US pipelines ordered to increase cyber defenses after attack

WASHINGTON (AP) – U.S. pipeline operators will be required to conduct a cybersecurity assessment for the first time under a directive from the Biden administration in response to the ransomware attack that disrupted gas supplies in multiple states this month.

The Transportation Security Administration directive to be issued Thursday will also require owners and operators of the nation’s pipelines to report any cyber incidents to the federal government and have a cyber security coordinator available at all times to work with the authorities in case of an attack like the one above. that Colonial Pipeline closed.

Pipeline companies, which until now operated under voluntary guidelines, could face financial penalties starting at $ 7,000 per day if they fail to comply with a security directive that reflects a management focus on cybersecurity prior to the May attack on Colonial. , Senior Department of Homeland Security. officials said.

“The evolution of ransomware attacks in the last 12 to 18 months has reached a point where it represents a risk to national security and we are concerned about the impact on critical national functions,” said one of the officials, speaking about the condition of anonymity to discuss the details of the regulation before the formal launch.

Crime syndicates, often based in Russia or elsewhere in Eastern Europe, have unleashed a wave of ransomware attacks in which they encode a target’s data with encryption and demand a ransom. Victims have included state and local governments, hospitals and medical researchers, and businesses large and small, leaving some victims unable to perform even routine operations.

The Colonial Pipeline attack led the company to shut down a system that delivers approximately 45% of the gasoline consumed on the East Coast for about a week. It led to panic and shortage purchases at gas stations from Washington, DC to Florida.

It emerged in Congress Wednesday when DHS Secretary Alejandro Mayorkas outlined the agency’s budget next year to the subcommittee on national security of the House Appropriations Committee.

“The Colonial Pipeline violation, in particular, was a wake-up call for many Americans about how malicious cyber attackers, often backed by foreign states, can disrupt the US economy and all of our lives,” said the representative. Lucille Roybal-Allard, D-Calif., The Panel Chair.

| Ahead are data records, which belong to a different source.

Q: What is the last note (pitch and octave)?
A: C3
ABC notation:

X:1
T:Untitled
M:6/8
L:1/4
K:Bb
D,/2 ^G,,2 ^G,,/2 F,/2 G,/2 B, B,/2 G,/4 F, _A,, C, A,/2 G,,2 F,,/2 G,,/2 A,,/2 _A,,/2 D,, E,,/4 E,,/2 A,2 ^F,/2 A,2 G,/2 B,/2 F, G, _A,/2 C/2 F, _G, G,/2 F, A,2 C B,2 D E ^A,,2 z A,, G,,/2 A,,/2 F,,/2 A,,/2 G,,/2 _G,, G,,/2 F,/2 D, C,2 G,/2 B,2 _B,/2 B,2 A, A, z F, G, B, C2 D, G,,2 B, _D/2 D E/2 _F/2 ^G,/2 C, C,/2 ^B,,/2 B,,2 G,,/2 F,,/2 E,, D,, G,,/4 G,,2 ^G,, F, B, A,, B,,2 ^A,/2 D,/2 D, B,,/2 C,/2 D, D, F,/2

Alpharetta, Georgia-based Colonial Pipeline later revealed that it paid a $ 4.4 million ransom to regain access to its data from the gang of hackers, linked by the FBI to a Russian-speaking criminal syndicate known as DarkSide.

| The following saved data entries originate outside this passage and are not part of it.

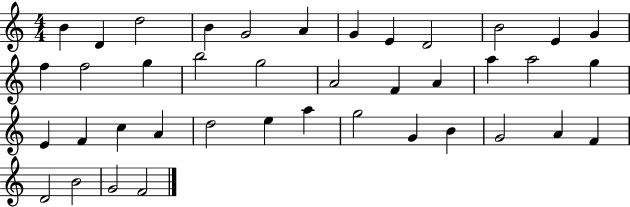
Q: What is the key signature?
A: C major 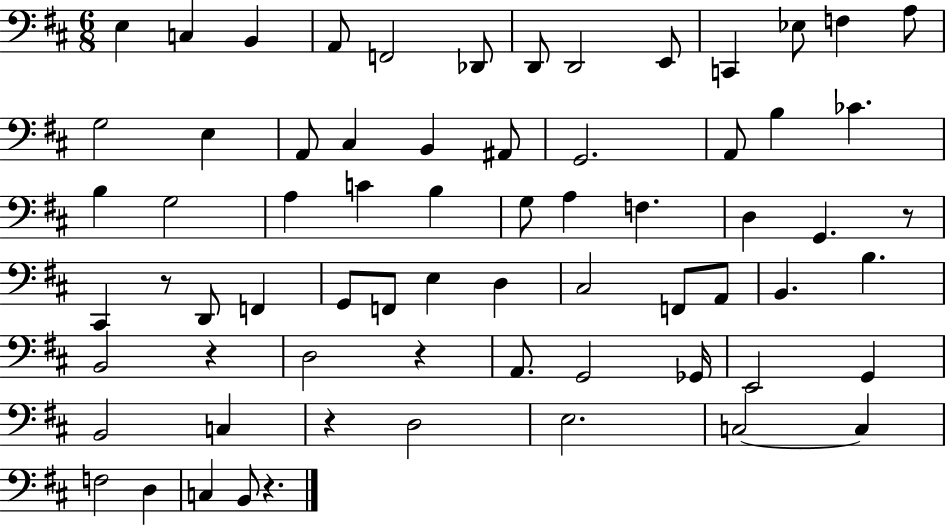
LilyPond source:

{
  \clef bass
  \numericTimeSignature
  \time 6/8
  \key d \major
  e4 c4 b,4 | a,8 f,2 des,8 | d,8 d,2 e,8 | c,4 ees8 f4 a8 | \break g2 e4 | a,8 cis4 b,4 ais,8 | g,2. | a,8 b4 ces'4. | \break b4 g2 | a4 c'4 b4 | g8 a4 f4. | d4 g,4. r8 | \break cis,4 r8 d,8 f,4 | g,8 f,8 e4 d4 | cis2 f,8 a,8 | b,4. b4. | \break b,2 r4 | d2 r4 | a,8. g,2 ges,16 | e,2 g,4 | \break b,2 c4 | r4 d2 | e2. | c2~~ c4 | \break f2 d4 | c4 b,8 r4. | \bar "|."
} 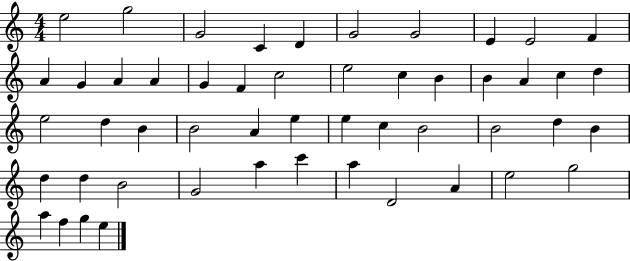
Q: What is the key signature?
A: C major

The episode exposed the threat to the more than 4.4 million kilometers (2.7 million miles) of pipelines used to transport oil, other liquids, and natural gas across the United States.

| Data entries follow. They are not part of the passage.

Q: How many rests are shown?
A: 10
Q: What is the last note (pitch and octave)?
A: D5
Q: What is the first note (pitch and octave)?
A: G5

The TSA is responsible for the physical security and cybersecurity of this network and has worked with the owners and operators, some 100 companies in total, to develop the voluntary guidelines and conduct on-site assessments. Lawmakers and experts have criticized the industry’s safety standards.

DHS, under Mayorkas, launched a “60-day sprint” to focus the agency on the ransomware threat weeks before the Colonial Pipeline hack was made public on May 7. The directive aims to address the issues that arose in the response that may have allowed the hack to occur in the first place.

The owners of the pipelines must carry out the evaluation within 30 days. They will have to show how their processes align with the voluntary guidelines, identify the gaps and provide a plan to address them, officials said.

Operators must first report any cybersecurity incident to the Infrastructure and Cybersecurity Security Agency, another component of DHS. Companies have been reluctant to report violations in the past for a variety of reasons, including embarrassment and concern that they could expose themselves to legal liability.

Pipeline companies will also need to designate a cybersecurity coordinator who will be on duty 24 hours a day, seven days a week to work with TSA and CISA in the event of a breach such as Colonial Pipeline.